Try it
Return the data below in full. Keep each character unchanged.

------ Data in this exercise

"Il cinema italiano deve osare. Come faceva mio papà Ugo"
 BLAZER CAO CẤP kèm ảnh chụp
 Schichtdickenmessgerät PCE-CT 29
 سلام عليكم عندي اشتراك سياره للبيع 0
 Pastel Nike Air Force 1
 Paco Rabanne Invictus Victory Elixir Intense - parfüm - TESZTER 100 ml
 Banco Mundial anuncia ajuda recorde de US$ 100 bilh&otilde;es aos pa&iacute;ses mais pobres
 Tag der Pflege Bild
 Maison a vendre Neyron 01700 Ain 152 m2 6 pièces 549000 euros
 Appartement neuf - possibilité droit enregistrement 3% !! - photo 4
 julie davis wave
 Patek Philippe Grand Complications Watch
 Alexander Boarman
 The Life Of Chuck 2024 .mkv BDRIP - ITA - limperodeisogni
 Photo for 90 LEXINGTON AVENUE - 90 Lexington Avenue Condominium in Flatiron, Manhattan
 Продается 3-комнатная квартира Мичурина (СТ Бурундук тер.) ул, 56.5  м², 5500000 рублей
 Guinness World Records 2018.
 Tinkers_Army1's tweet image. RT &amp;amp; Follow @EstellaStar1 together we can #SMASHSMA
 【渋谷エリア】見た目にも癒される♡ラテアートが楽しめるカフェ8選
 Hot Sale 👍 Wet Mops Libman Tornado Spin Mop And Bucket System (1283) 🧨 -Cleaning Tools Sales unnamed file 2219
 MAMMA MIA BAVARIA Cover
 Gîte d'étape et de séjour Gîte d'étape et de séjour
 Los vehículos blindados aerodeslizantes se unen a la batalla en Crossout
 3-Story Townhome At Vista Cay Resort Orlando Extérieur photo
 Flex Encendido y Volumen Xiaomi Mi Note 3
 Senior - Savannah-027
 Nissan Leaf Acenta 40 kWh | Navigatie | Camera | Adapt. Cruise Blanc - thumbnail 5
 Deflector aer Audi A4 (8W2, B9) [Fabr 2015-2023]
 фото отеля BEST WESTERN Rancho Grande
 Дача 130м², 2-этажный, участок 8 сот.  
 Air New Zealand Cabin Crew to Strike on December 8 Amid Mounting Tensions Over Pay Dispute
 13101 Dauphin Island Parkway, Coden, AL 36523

------------

Written solution
"Il cinema italiano deve osare. Come faceva mio papà Ugo"
 BLAZER CAO CẤP kèm ảnh chụp
 Schichtdickenmessgerät PCE-CT 29
 سلام عليكم عندي اشتراك سياره للبيع 0
 Pastel Nike Air Force 1
 Paco Rabanne Invictus Victory Elixir Intense - parfüm - TESZTER 100 ml
 Banco Mundial anuncia ajuda recorde de US$ 100 bilh&otilde;es aos pa&iacute;ses mais pobres
 Tag der Pflege Bild
 Maison a vendre Neyron 01700 Ain 152 m2 6 pièces 549000 euros
 Appartement neuf - possibilité droit enregistrement 3% !! - photo 4
 julie davis wave
 Patek Philippe Grand Complications Watch
 Alexander Boarman
 The Life Of Chuck 2024 .mkv BDRIP - ITA - limperodeisogni
 Photo for 90 LEXINGTON AVENUE - 90 Lexington Avenue Condominium in Flatiron, Manhattan
 Продается 3-комнатная квартира Мичурина (СТ Бурундук тер.) ул, 56.5  м², 5500000 рублей
 Guinness World Records 2018.
 Tinkers_Army1's tweet image. RT &amp;amp; Follow @EstellaStar1 together we can #SMASHSMA
 【渋谷エリア】見た目にも癒される♡ラテアートが楽しめるカフェ8選
 Hot Sale 👍 Wet Mops Libman Tornado Spin Mop And Bucket System (1283) 🧨 -Cleaning Tools Sales unnamed file 2219
 MAMMA MIA BAVARIA Cover
 Gîte d'étape et de séjour Gîte d'étape et de séjour
 Los vehículos blindados aerodeslizantes se unen a la batalla en Crossout
 3-Story Townhome At Vista Cay Resort Orlando Extérieur photo
 Flex Encendido y Volumen Xiaomi Mi Note 3
 Senior - Savannah-027
 Nissan Leaf Acenta 40 kWh | Navigatie | Camera | Adapt. Cruise Blanc - thumbnail 5
 Deflector aer Audi A4 (8W2, B9) [Fabr 2015-2023]
 фото отеля BEST WESTERN Rancho Grande
 Дача 130м², 2-этажный, участок 8 сот.  
 Air New Zealand Cabin Crew to Strike on December 8 Amid Mounting Tensions Over Pay Dispute
 13101 Dauphin Island Parkway, Coden, AL 36523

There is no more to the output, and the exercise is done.